**Goal of the exercise**: Using the listing below, retype the line bearing "Two-story white building" and each line after it, word for word, and nothing further.
━━━━━━━━━━
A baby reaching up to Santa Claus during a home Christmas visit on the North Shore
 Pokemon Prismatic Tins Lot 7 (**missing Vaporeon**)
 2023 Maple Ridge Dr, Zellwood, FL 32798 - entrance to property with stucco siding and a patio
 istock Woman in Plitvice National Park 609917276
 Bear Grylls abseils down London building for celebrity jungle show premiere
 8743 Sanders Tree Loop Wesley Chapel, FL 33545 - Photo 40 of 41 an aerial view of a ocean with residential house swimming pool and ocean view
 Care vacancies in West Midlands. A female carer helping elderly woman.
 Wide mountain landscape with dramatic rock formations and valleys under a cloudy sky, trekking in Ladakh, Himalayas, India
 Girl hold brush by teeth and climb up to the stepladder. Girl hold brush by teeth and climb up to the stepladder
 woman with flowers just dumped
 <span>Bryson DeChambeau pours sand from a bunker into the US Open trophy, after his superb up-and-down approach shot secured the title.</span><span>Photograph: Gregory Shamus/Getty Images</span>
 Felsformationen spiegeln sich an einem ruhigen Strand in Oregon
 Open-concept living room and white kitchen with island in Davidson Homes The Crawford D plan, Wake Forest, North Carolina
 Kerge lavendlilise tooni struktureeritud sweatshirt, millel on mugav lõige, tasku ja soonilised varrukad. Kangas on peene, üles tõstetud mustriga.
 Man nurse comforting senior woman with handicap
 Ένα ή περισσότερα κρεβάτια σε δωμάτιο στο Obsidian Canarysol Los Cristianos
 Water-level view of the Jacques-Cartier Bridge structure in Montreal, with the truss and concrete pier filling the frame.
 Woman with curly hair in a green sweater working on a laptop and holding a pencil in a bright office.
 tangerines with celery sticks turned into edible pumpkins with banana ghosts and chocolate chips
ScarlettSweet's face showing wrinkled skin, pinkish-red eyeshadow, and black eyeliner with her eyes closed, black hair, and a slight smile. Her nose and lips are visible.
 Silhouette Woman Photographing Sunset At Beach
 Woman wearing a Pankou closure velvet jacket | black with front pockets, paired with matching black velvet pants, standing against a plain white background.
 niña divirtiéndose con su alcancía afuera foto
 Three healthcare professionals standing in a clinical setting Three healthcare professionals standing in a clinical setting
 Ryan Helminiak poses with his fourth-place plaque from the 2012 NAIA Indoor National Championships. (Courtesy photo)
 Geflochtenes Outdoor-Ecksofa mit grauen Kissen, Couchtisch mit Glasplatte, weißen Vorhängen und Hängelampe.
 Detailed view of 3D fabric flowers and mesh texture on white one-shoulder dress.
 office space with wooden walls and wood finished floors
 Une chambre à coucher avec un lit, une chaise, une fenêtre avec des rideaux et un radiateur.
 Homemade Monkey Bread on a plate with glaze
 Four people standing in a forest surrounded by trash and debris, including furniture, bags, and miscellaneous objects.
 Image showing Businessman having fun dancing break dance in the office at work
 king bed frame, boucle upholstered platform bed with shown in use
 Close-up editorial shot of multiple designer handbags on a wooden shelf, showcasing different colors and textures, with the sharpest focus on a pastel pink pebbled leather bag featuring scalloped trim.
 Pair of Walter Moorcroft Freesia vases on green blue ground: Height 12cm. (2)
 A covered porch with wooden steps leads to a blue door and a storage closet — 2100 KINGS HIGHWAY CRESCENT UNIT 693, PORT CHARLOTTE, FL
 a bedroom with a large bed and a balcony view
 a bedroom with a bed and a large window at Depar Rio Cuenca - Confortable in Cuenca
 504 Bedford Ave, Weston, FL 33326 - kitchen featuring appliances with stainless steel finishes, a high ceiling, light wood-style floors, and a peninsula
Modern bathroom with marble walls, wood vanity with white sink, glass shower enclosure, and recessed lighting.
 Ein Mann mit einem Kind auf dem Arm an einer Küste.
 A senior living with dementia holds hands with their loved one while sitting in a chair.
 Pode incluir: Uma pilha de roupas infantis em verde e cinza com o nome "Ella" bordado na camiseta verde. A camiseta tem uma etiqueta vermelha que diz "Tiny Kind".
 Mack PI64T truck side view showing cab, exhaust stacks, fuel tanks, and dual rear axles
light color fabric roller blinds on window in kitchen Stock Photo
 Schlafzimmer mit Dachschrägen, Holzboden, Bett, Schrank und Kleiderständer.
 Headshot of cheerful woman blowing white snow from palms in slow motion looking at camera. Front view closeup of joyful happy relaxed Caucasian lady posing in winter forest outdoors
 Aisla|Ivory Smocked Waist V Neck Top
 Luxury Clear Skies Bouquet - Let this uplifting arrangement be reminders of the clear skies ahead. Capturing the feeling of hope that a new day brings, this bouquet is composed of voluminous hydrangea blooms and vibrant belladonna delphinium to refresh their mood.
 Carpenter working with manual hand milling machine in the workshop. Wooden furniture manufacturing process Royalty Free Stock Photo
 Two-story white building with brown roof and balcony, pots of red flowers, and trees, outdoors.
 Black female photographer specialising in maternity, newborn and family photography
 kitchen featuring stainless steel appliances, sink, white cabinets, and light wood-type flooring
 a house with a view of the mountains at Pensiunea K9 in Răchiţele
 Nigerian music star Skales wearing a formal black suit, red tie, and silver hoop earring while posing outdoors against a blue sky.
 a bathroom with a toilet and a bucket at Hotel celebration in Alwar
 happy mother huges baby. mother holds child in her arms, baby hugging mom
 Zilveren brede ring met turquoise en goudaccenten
━━━━━━━━━━
**Task answer**:
 Two-story white building with brown roof and balcony, pots of red flowers, and trees, outdoors.
 Black female photographer specialising in maternity, newborn and family photography
 kitchen featuring stainless steel appliances, sink, white cabinets, and light wood-type flooring
 a house with a view of the mountains at Pensiunea K9 in Răchiţele
 Nigerian music star Skales wearing a formal black suit, red tie, and silver hoop earring while posing outdoors against a blue sky.
 a bathroom with a toilet and a bucket at Hotel celebration in Alwar
 happy mother huges baby. mother holds child in her arms, baby hugging mom
 Zilveren brede ring met turquoise en goudaccenten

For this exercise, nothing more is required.